Would You Like Fries With That?
By Suzanne Lever
Given the current state of the economy, law firms are looking for ways to expand their business opportunities. One approach is for the law firm to begin offering law-related services. Law-related services consist of services that "might reasonably be performed in conjunction with and in substance are related to the provision of legal services, and that are not prohibited as unauthorized practice of law when provided by a nonlawyer." Rule 5.7(b). Sometimes called ancillary businesses, law-related services range from financial planning to lobbying to psychological counseling.
There are many ethical issues a law firm should consider when deciding to offer law-related services. An initial consideration should be whether to offer the services "in-house" or through a separate entity. When law-related services are provided under circumstances that are not distinct from the provision of legal services (in-house), the law firm will be subject to all of the Rules of Professional Conduct with respect to the provision of the law-related services. The primary ethical concerns present in such an arrangement are avoiding conflicts of interest and maintaining client confidentiality.

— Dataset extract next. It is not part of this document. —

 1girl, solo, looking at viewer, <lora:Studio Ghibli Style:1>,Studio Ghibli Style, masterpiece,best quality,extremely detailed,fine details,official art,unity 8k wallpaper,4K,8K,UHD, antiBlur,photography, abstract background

If the law-related services are provided by a separate entity, the law firm will still be subject to all of the Rules of Professional Conduct unless the law firms takes "reasonable measures" to ensure that a person obtaining the law-related services knows that the services are not legal services and that the protections of the lawyer-client relationship (i.e., the protection of client confidences, prohibition against representation of persons with conflicting interests, protection of the attorney-client privilege, and obligation of a lawyer to maintain professional independence) do not exist. See Rule 5.7(a)(2). The communication should be made before entering into an agreement for provision of or providing law-related services. It is best if the communication is in writing. Rule 5.7, cmt. . Remember that a lawyer is always subject to those ethical rules that apply generally to a lawyer's conduct, irrespective of whether the conduct relates to the provision of legal services. Rule 5.7, cmt. .
The decision of whether to provide the law-related services internally or through a separate entity also implicates the law firm's duties when referring legal clients to the ancillary business. Referrals of clients from the law firm to a separate law-related business in which the lawyer has an ownership interest constitute business transactions with a client and are subject to the requirements of Rule 1.8(a) (the transaction must be fair to the client, the lawyer must explain the terms of the relationship in writing, and the client must consent in writing and have the opportunity to consult with independent counsel.) When law-related services are provided in-house, the law firm does not have to comply with Rule 1.8(a).
Regardless of whether the law-related services are provided as an in-house service or through a subsidiary of the law firm, the law firm must comply with Rule 1.7(b) regarding conflicts of interest caused by a lawyer's financial interests. In 2000 FEO 9 the Ethics Committee held that a lawyer who was also a certified public accountant could provide legal services and accounting services from the same office. The opinion cites Rule 1.7 and provides that the lawyer may offer accounting services to his legal clients, provided the lawyer fully discloses his self-interest in making a referral to himself and the lawyer determines that the referral is in the best interest of the client. The opinion, in reliance on Rule 7.3, also permits in-person solicitation of the business customers for legal services, but only if a "prior professional relationship" had been established.
2000 FEO 9 also touches on the issue of whether a law firm and an ancillary business can advertise together. The opinion holds that advertisements for the lawyer's services may indicate that the lawyer offers both legal and accounting services, subject to any requirements of the State Board of Certified Public Accountant Examiners.
The law firm must also be careful to avoid violations of Rules 5.3, 5.4, and 5.5. Pursuant to Rule 5.4, lawyers are prohibited from sharing legal fees with a nonlaywer or from forming a partnership with a nonlawyer, if any of the activities of the partnership consist of the practice of law. In RPC 238, the ethics committee held that a lawyer specializing in estate planning could employ a nonlawyer financial advisor so that the law firm could offer its clients financial planning. The opinion states that the nonlawyer financial advisor may be an employee of the law firm but may not become a partner, shareholder, or otherwise own an interest in the law firm and that legal fees may not be shared with the nonlawyer employee.
RPC 238 also cautions that the law firm must have in effect measures giving reasonable assurance that the conduct of a nonlawyer financial advisor will be compatible with the lawyer's professional obligations. Rule 5.3. In particular, the financial advisor may not be held out as offering legal services. Rule 5.5 Also, reasonable measures must be taken to explain to the client that the financial advisor is a nonlawyer who cannot provide legal advice.
If your law firm is thinking of moving towards a "value meal" approach to providing legal services, carefully consider how the ancillary business(es) will be structured. Specifically, the law firm should consider (1) whether the services will be provided in-house or through a separate entity; (2) if the firm will use a separate entity, whether the entity will be wholly or partially owned by the law firm; (3) if the law firm will use a separate entity, and will not have 100% ownership, whether the remaining owners will be lawyers or nonlawyers.
Suzanne Lever is assistant ethics counsel at the State Bar.